Google taps 16k computers to look for cats –for Science!

Published June 27, 2012 3:19pm

Scientists at Google have built a neural network out of 16,000 computer processors to simulate the human brain’s learning process. And the first thing it learned was... to look for cats.

But who can blame Google’s latest creation, when it was set loose on an Internet full of cat videos —with over 10 million digital images on YouTube alone?

The New York Times reported the neural network learned by itself to recognize cats, a feat that surpassed previous efforts to recognize objects in a list of 20,000 items. Here, kitty, kitty

“We never told it during the training, ‘This is a cat,’” said Google fellow Jeff Dean, who helped Google design the software that breaks programs into many tasks that can be computed simultaneously.

“It basically invented the concept of a cat. We probably have other ones that are side views of cats,” he added.

Potential applications include improvements to image search, speech recognition and machine language translation, the NYT said.

The researchers are to present the results of their work at a conference in Edinburgh, Scotland.

In a separate blog post, Dean and visiting faculty Andrew Ng said they believe machine learning could be far more accurate, and smarter computers could make everyday tasks much easier. Learning how to learn

They said recent research on self-taught learning and deep learning suggests researchers can rely instead on unlabeled data, such as random images fetched off the web or out of YouTube videos.

These algorithms work by building artificial neural networks, which loosely simulate neuronal (the brain’s) learning processes.

“Neural networks are very computationally costly, so to date, most networks used in machine learning have used only 1 to 10 million connections. But we suspected that by training much larger networks, we might achieve significantly better accuracy. So we developed a distributed computing infrastructure for training large-scale neural networks. Then, we took an artificial neural network and spread the computation across 16,000 of our CPU cores (in our data centers), and trained models with more than 1 billion connections,” they said in their blog post.

They also said they are working with other groups within Google on applying this artificial neural network approach to other areas such as speech recognition and natural language modeling.

"Someday this could make the tools you use every day work better, faster and smarter," they said.

New generation of computer science

Google’s research represents a new generation of computer science exploiting the falling cost of computing and the availability of huge clusters of computers in giant data centers, the NYT said.

It said this is leading to significant advances in areas such as machine vision and perception, speech recognition and language translation.

Only last year, Microsoft scientists presented research showing that the techniques could be applied as well to build computer systems that understand human speech.
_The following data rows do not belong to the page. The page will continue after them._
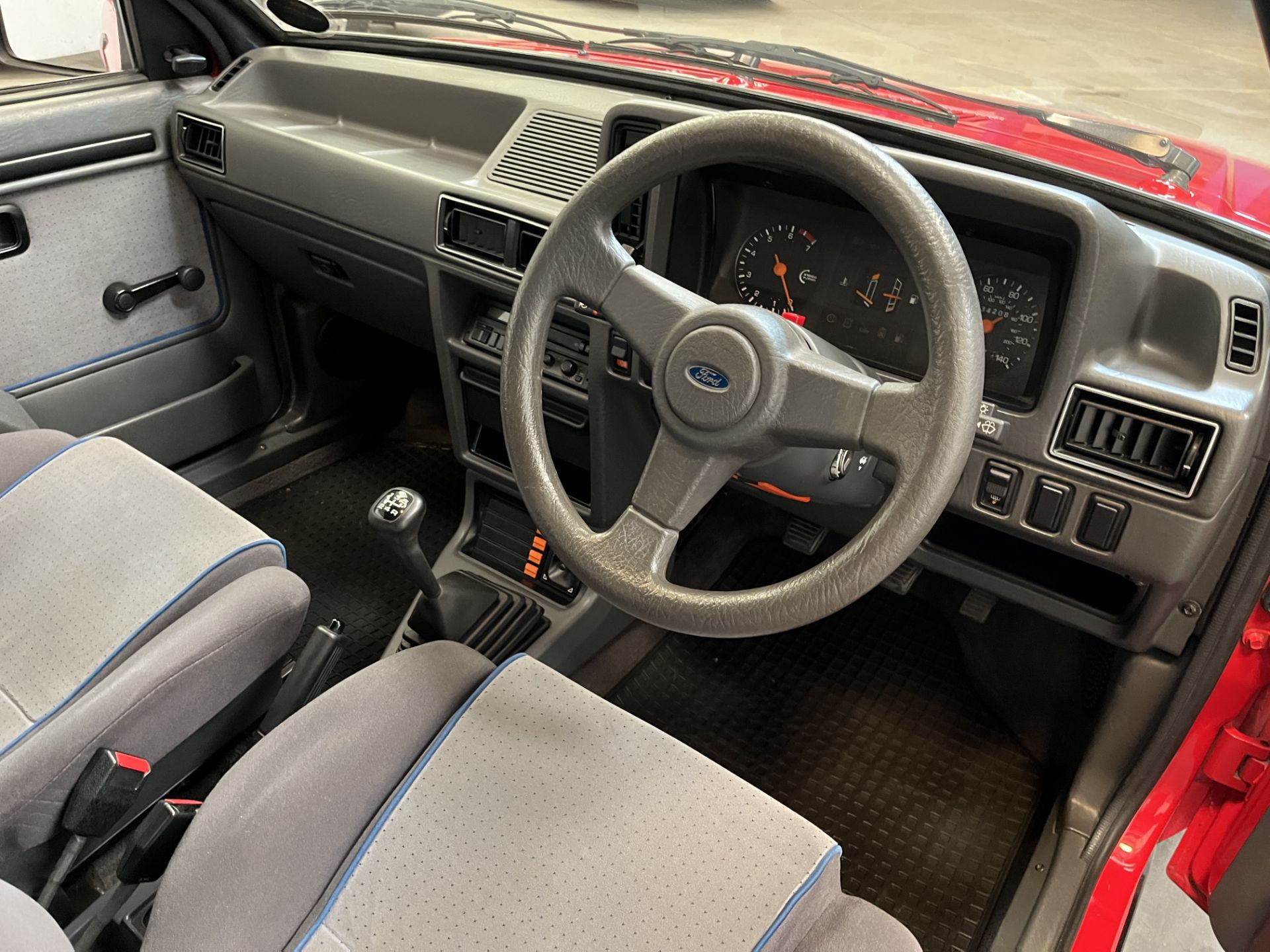 1985 Ford Escort 1.6i Cabriolet - 1597cc *ONE OWNER FROM NEW* - Image 14 of 24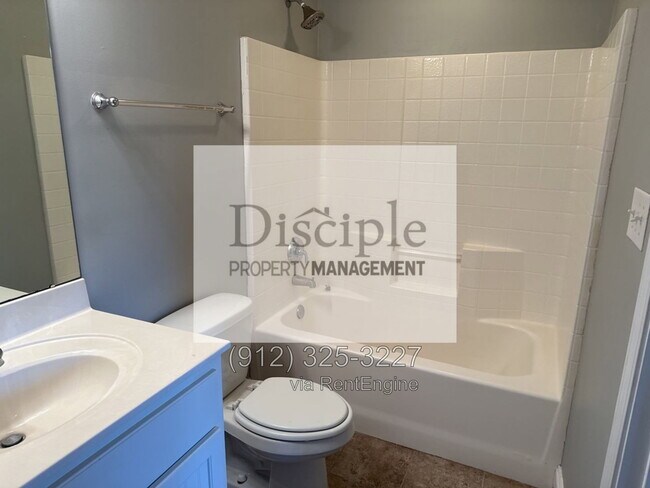 Building Photo - 273 Vining Way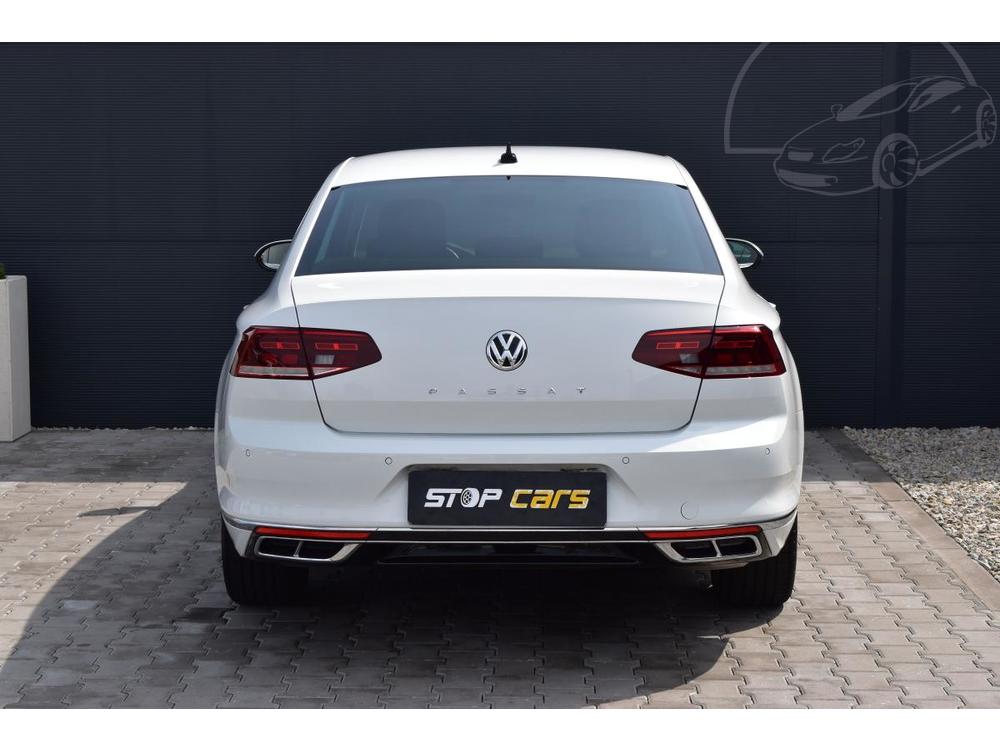 Volkswagen Passat 2.0 TSI R-LINE*ACC*DPH*R 1.M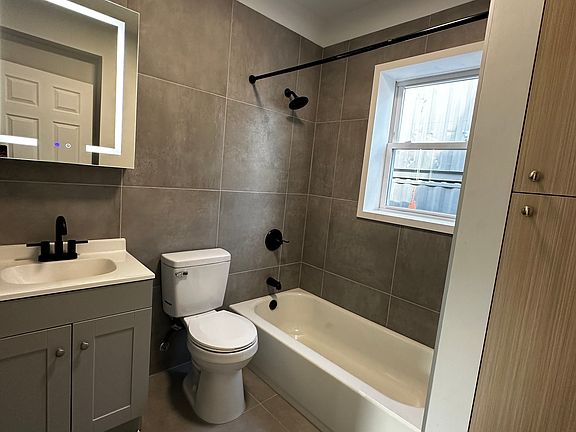 4th image of 243 Grandview Ave Floor 1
“This is the hottest thing in the speech recognition field these days,” said Yann LeCun, a computer scientist who specializes in machine learning at the Courant Institute of Mathematical Sciences at New York University.

Where are all the cats?

The Google research team led by Stanford University computer scientist Andrew Ng and the Google fellow Dean used an array of 16,000 processors to create a neural network with more than one billion connections.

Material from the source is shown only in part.